INX Limited, a crypto exchange startup, plans to raise up to $129.5 million through an IPO, in the first security token sale registered with the U.S. Securities and Exchange Commission (SEC).
No, that’s not a typo for “ICO,” the initial coin offerings that tested the limits of securities law during the go-go days of 2017. IPO means IPO here: INX, which is domiciled in Gibraltar, filed a draft F-1 (the SEC’s prospectus form for foreign issuers) with the agency on Monday and will market the tokens to retail and institutional investors through the initial public offering.
As such, it’s a major milestone since to date, token sales have been unregistered. Some issuers confined their marketing to wealthy investors so they’d be exempt from the registration requirement and filed notices with the SEC. Most didn’t even bother to tell the regulators what they were up to, and over the last year, the agency has brought a slew of cases against ICO teams for illegally selling unregistered securities.
Further, INX’s sale would also be one of the very few full-fledged IPOs in the blockchain industry and almost certainly the largest. Last year, mining subscription company Argo Mining raised $32.5 million through an IPO on the London Stock Exchange.
The target audience is largely institutional investors, even though like the INX token itself, crypto trading on the exchange will be available to the general public, provided they go through anti-money-laundering and know-your-customer screening.
“When fully operational, we expect to offer professional traders and institutional investors trading platforms with established practices common in other regulated financial services markets, such as customary trading, clearing, and settlement procedures, regulatory compliance, capital and liquidity reserves and operational transparency,” says the draft prospectus.
In this way, INX will be competing with a number of institutionally-focused, regulated trading platforms launching this year – although INX stands out in the breadth of digital assets it plans to list.
“Our vision is to establish two trading platforms and a security token that provide regulatory clarity to the blockchain asset industry. We plan to achieve this [in part] by differentiating between security and non-security blockchain asset classes and providing trading opportunities for each class,” says the prospectus, later adding:
“In the future, we intend to establish a platform for the trading of derivatives such as futures, options and swaps.”

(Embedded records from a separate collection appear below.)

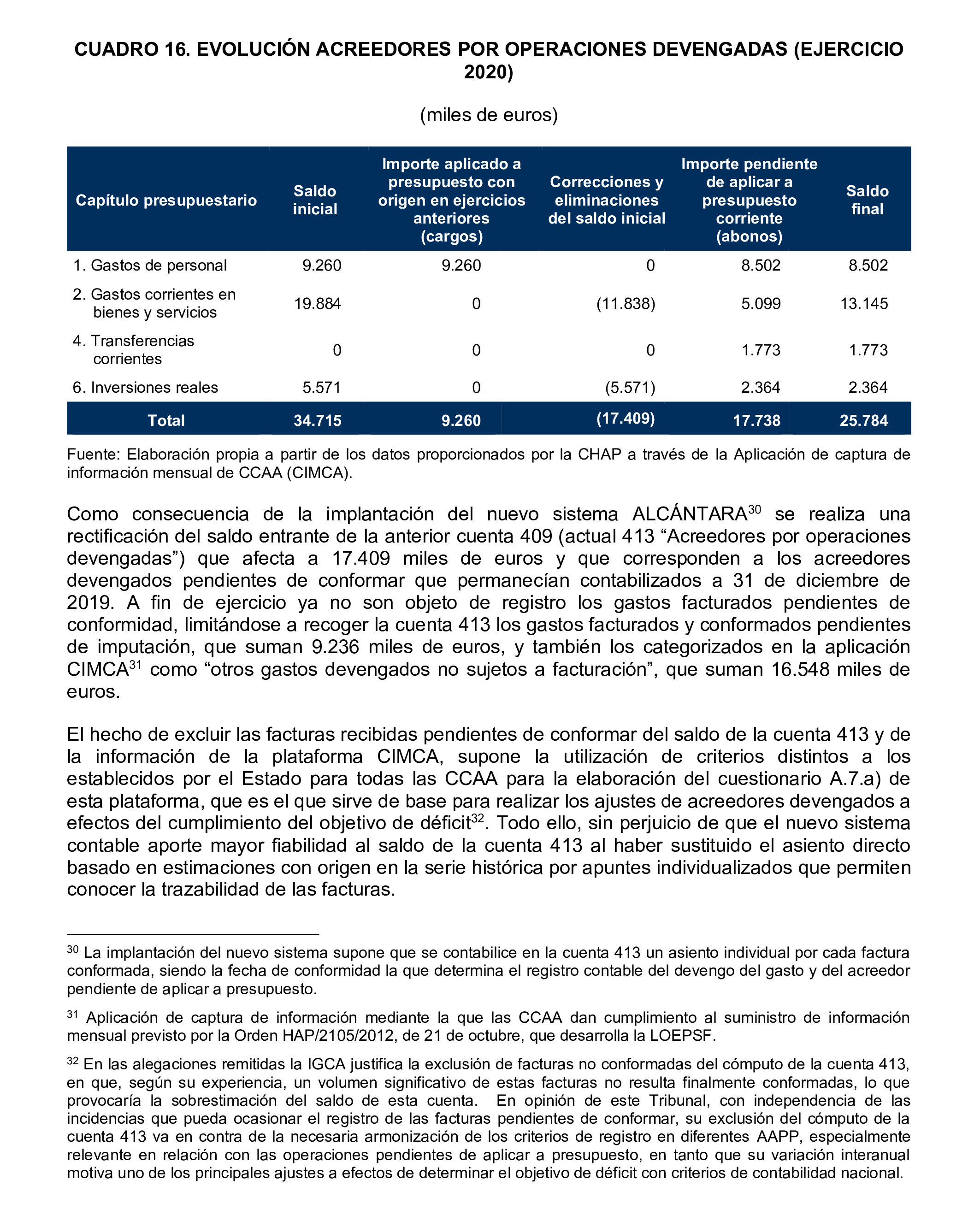 Imagen del artículo Resolución de 24 de septiembre de 2024, aprobada por la Comisión Mixta para las Relaciones con el Tribunal de Cuentas, en relación con el Informe de fiscalización de la Cuenta General de la Comunidad Autónoma de Extremadura, ejercicio 2020.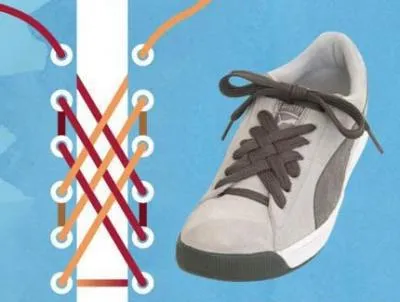 După cum puteți adidași dantelă sus După cum puteți adidași dantelă sus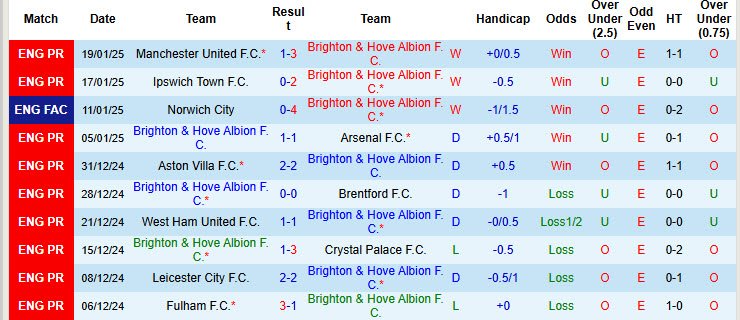 Nhận định, soi kèo Brighton vs Everton, 22h00 ngày 25/1: Thay tướng đổi vận - Ảnh 2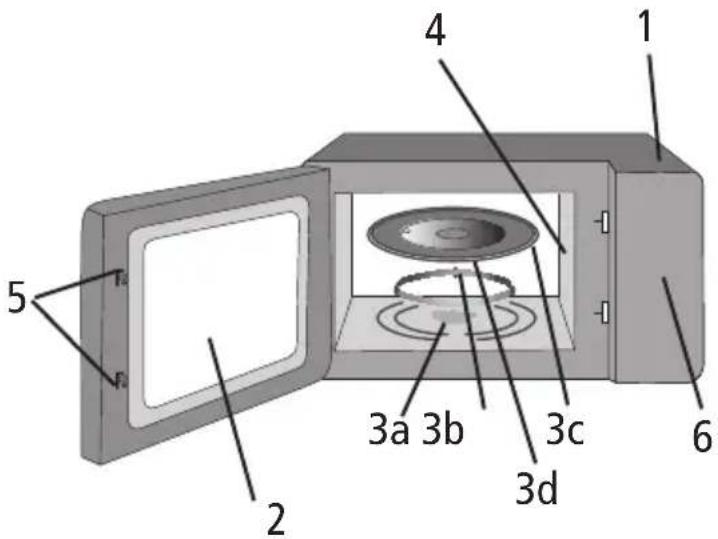 1 2 3a 3b 3c 3d 4 5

This means the exchange will be in the same space as not only Overstock’s tZERO (security tokens) but also Coinbase Prime and Fidelity Digital Assets (spot cryptocurrencies) – and eventually Intercontinental Exchange’s Bakkt (derivatives).
Although it is a security, INX’s token could also be described as a utility token, since holders will have the option of using it on the INX Exchange to pay transaction fees.
This is perhaps ironic since, during the ICO boom, many issuers argued that their tokens were not securities because they had a utility, such as the right to use a platform developed with proceeds from the sale.
At the same time, token investors will get a share of INX’s profits, though they won’t be equity holders.
Rather, they will stand in line ahead of shareholders to get repaid, in the event of a liquidation. In this way, the token is akin to preferred stock.
“It is the Company’s intention that the INX Token holders’ claim for breach of contract will be senior to the rights of the holders of the ordinary shares of the Company in liquidation,” the document says.
The securities will be represented as ERC-20 tokens on the ethereum blockchain.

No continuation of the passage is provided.